Six sources of influence that affect people as they try to change their habits. They also identify change tactics that can help counteract each of these influences. People who follow these steps and align sources of influence in their favor are more likely to achieve personal success.
1. Personal motivation. Although personal impulses can be compelling, it is possible to interrupt these impulses by connecting with personal goals during crucial moments.
2. Personal ability. A proven way to change habits is to enhance personal ability and to learn new skills.
3. Social motivation. There is a clear social component to bad habits. When friends encourage bad behavior and also engage in it, this is very difficult to resist. If individuals can transform “accomplices” into “friends” who encourage good behavior, they are more likely to change their habits.

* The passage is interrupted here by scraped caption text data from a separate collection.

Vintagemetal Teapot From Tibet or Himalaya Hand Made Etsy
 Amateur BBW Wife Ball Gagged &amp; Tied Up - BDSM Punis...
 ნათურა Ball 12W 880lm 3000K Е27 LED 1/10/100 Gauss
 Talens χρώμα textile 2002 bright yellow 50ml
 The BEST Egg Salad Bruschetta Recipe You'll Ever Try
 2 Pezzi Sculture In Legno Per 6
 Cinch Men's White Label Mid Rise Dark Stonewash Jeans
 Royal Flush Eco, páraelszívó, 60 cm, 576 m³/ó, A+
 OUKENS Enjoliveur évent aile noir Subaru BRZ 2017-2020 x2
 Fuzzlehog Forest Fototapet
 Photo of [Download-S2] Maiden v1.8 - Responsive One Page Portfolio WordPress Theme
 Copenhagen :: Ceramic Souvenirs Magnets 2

4. Social ability. To change longstanding habits, people usually need support from other people. Individuals who get a life coach or mentor are often more successful at changing behaviors.
5. Structural motivation. People who connect short-term rewards or punishments to new habits are usually more likely to adopt those new habits.
6. Structural ability. Researchers have found that minor environmental changes can have a significant effect on a person’s choices. Individuals experience faster behavior changes when they add visual cues to help them focus on their goals.
By understanding these influences, it is possible for people to consciously design change plans that address them. The authors discovered that individuals who incorporate the six sources of influence into their change plans are ten times more likely to succeed than people who do not take this approach.